The Fermi paradox was a contradiction first pointed out by physicist Enrico Fermi. During lunch with his colleagues in 1950, he discussed a contradiction between the lack of evidence for extraterrestrial civilizations and the high probability that life must have existed on other planets.
The age and vastness of the universe make it likely that extraterrestrial life has occurred somewhere. Fermi questioned why space craft or probes are not seen if advanced extraterrestrial civilizations exist in the Milky Way galaxy.
Some scientists seek proof of extraterrestrial civilizations, while proposing that life could exist without our knowledge. Other scientists believe that intelligent extraterrestrial life either does not exist or is so rare that we will never find it.
Since 1960, various efforts have tried to find evidence of extraterrestrial intelligence. Our lack of interstellar travel capability makes this challenging. Therefore, scientists search for evidence such as radio transmissions, which can travel vast distances.
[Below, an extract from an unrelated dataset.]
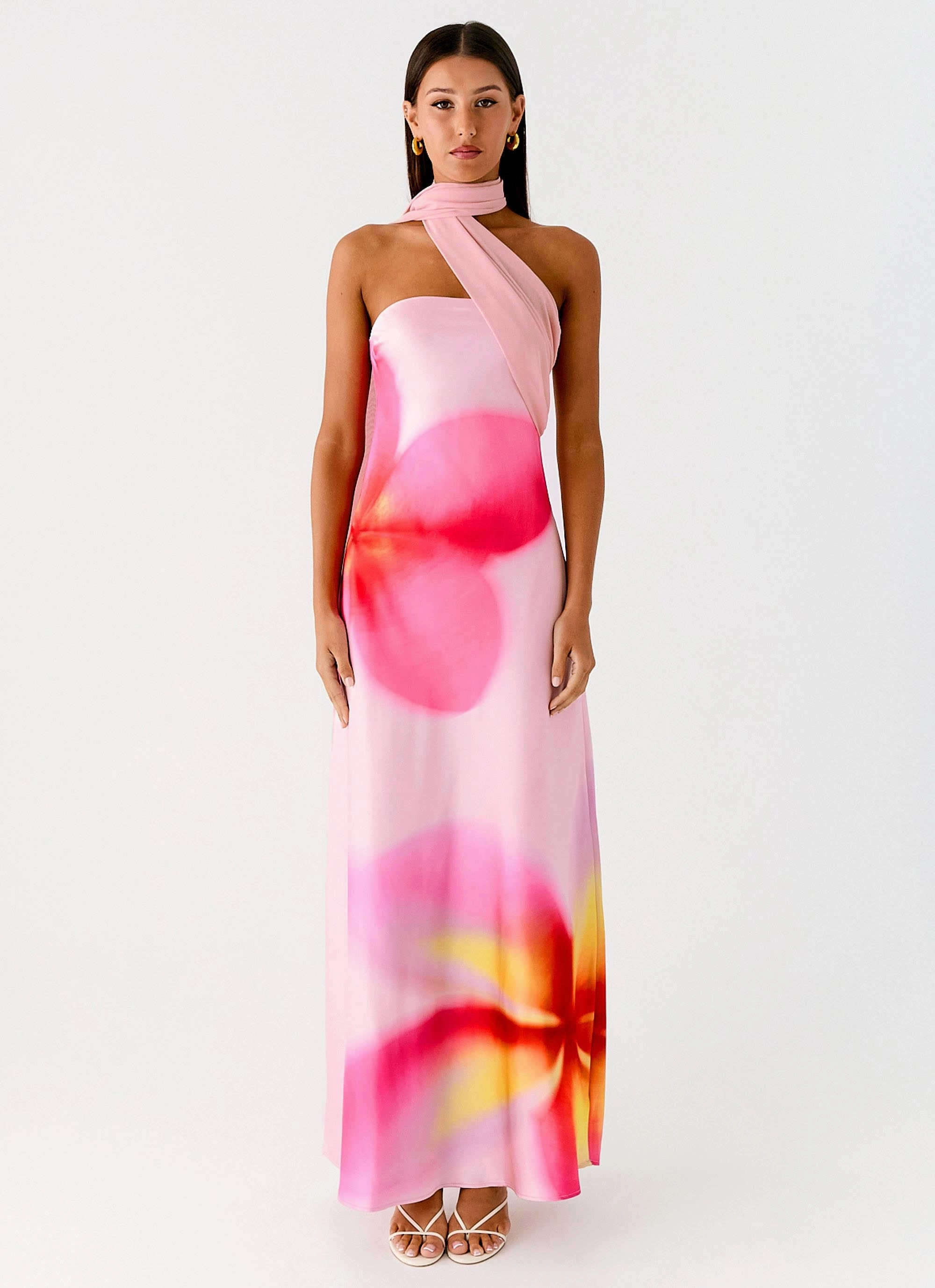 Isa Scarf Satin Maxi Dress - Frangipani Pink Casual Waist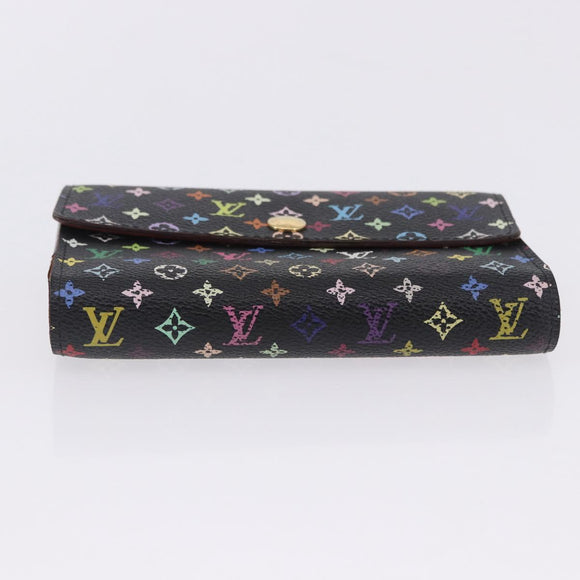 LOUIS VUITTON Monogram Multicolor Wallet Black LV Auth mr2867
To human scientists, radio technology and radio telescopes are a natural step for intelligent, technologically-advanced species. It is believed that our intense television and radio communication broadcasts might attract the attention of an extraterrestrial civilization. In turn, we continue to seek radio waves from them. To date, there has been no success.
In recent years, advances in technology have allowed us to examine planets outside of our solar system. Spectrographic analysis allows us to examine the atmosphere of these planets. Scientists search for evidence of air pollution, a possible sign of technological advancement.
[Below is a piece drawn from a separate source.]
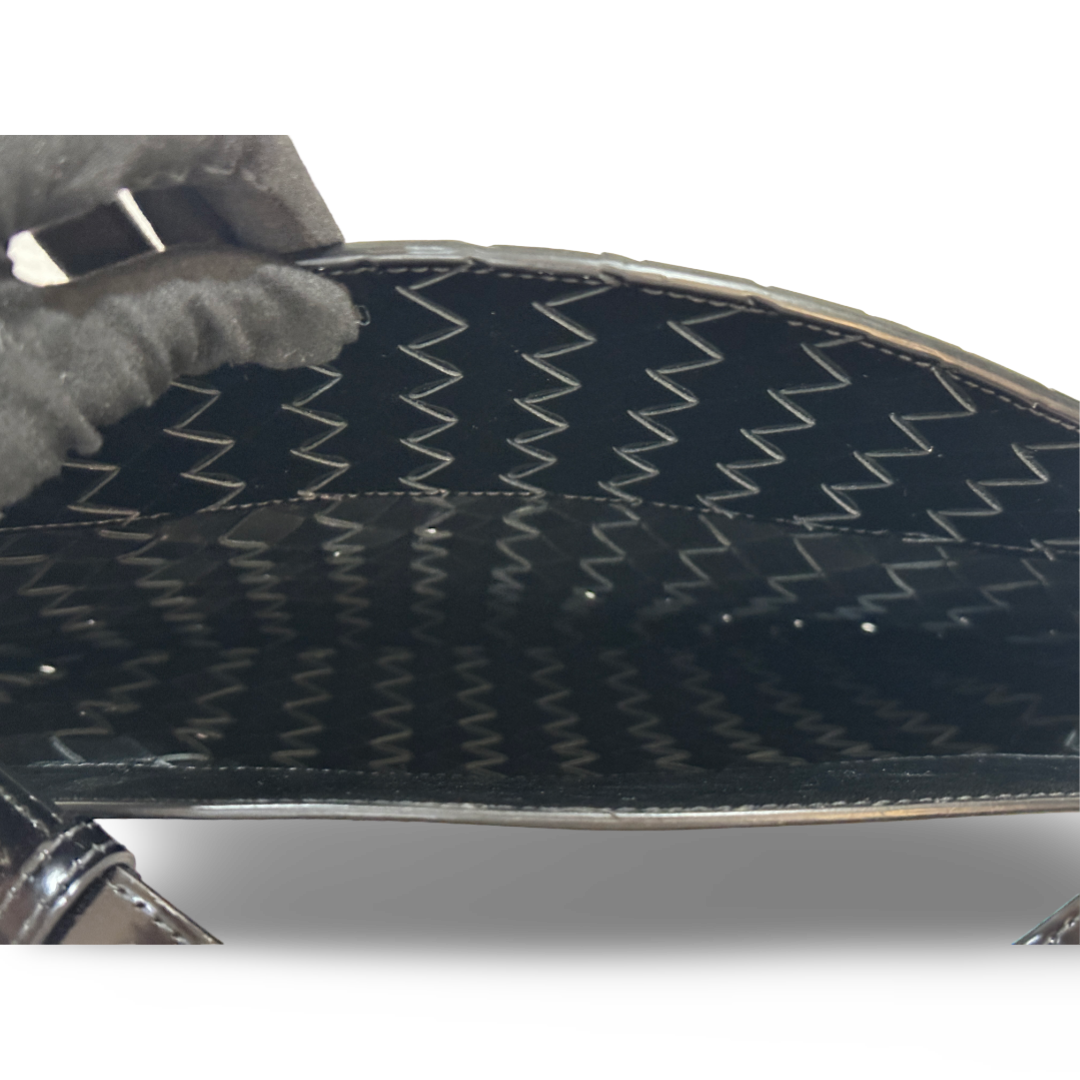 Bottega Veneta Black Patent Intrecciato Shoulder Bag Black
However, it is very difficult to observe these planets directly. The first claim of direct observation was made in 2004. Instead, the existence of these planets is usually inferred from observing the effects they have on their stars. This allows us to only deduce the mass and orbit of the planet. The planetary environment can only be roughly approximated.
Several attempts have been made to theoretically explain this paradox. Some believe that the absence of evidence proves extraterrestrials do not exist. Others try to explain the silence without ruling out the possibility of extraterrestrials. These explanations often include assumptions about alien technology and behavior.
The simplest explanation is that we are truly alone in the galaxy.
It is also possible that no other civilizations have arisen. This is known as the “Rare Earth” hypothesis. According to this belief, earth is unique. In this view, many coincidences lined up to permit complex life on Earth. In the long history of life on Earth, only one species has developed the technology to make spaceflight and radio technology possible. The incredible intelligence of the human species may be nothing more than an ecological surprise. Even if intelligence is widespread, technology is not.
Some believe that intelligent life exists only to destroy itself through warfare or other catastrophe. To them, any extraterrestrial intelligence that may exist could have already destroyed itself. Even if it had not destroyed itself, it is likely that these aliens would be super predators, much like Homo sapiens. Perhaps it is their nature to destroy others, much as it is ours.
Both religious and philosophical traditions often believe that human beings were created alone. While some Jewish and Christian thinkers believed that extraterrestrial life was a possibility, many did not. Instead, they saw human beings as unique, part of God’s great plan.
Of course, it is possible that advanced extraterrestrial civilizations exist on other planets without our knowledge. Perhaps our limited technology does not allow us to communicate with them; perhaps we just don’t understand them.
Even if such civilizations exist, it is possible that they are too far away to maintain a two-way conversation with us. If messages take several thousand light years to pass between the two planets, communication becomes difficult. In that time, entire civilizations can rise and fall.
All in all, our inability to use technology for communication has existed for less than 100 years. Prior to that, we were still cooking food over fires. For most of human history, technology has involved finding various clever ways of banging rocks together. It is entirely possible that we haven’t been looking for long enough, or listening for long enough, to find the proof we so anxiously seek.